Short descriptive text snippets:

BEGIN

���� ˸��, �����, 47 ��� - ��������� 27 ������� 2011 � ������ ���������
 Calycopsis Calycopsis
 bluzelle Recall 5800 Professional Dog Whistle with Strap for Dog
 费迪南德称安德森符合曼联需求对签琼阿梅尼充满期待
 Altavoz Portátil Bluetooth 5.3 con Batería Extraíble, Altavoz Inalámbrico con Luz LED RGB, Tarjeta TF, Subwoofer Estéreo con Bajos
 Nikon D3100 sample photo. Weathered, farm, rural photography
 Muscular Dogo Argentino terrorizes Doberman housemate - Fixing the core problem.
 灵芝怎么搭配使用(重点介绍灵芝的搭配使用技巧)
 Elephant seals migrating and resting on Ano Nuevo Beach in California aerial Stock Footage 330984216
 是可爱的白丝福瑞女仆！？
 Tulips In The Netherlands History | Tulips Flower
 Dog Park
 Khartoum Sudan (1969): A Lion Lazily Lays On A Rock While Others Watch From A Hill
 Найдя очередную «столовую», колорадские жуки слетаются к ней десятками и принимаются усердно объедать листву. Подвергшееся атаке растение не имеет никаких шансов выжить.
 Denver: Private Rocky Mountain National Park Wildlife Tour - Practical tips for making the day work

END

**ABOUT THIS EXERCISE:** Taking the line containing "Khartoum Sudan (1969): A" as the first, please return it and every line after it through the end of the entries, exactly and only those.

**TASK RESULT:**
 Khartoum Sudan (1969): A Lion Lazily Lays On A Rock While Others Watch From A Hill
 Найдя очередную «столовую», колорадские жуки слетаются к ней десятками и принимаются усердно объедать листву. Подвергшееся атаке растение не имеет никаких шансов выжить.
 Denver: Private Rocky Mountain National Park Wildlife Tour - Practical tips for making the day work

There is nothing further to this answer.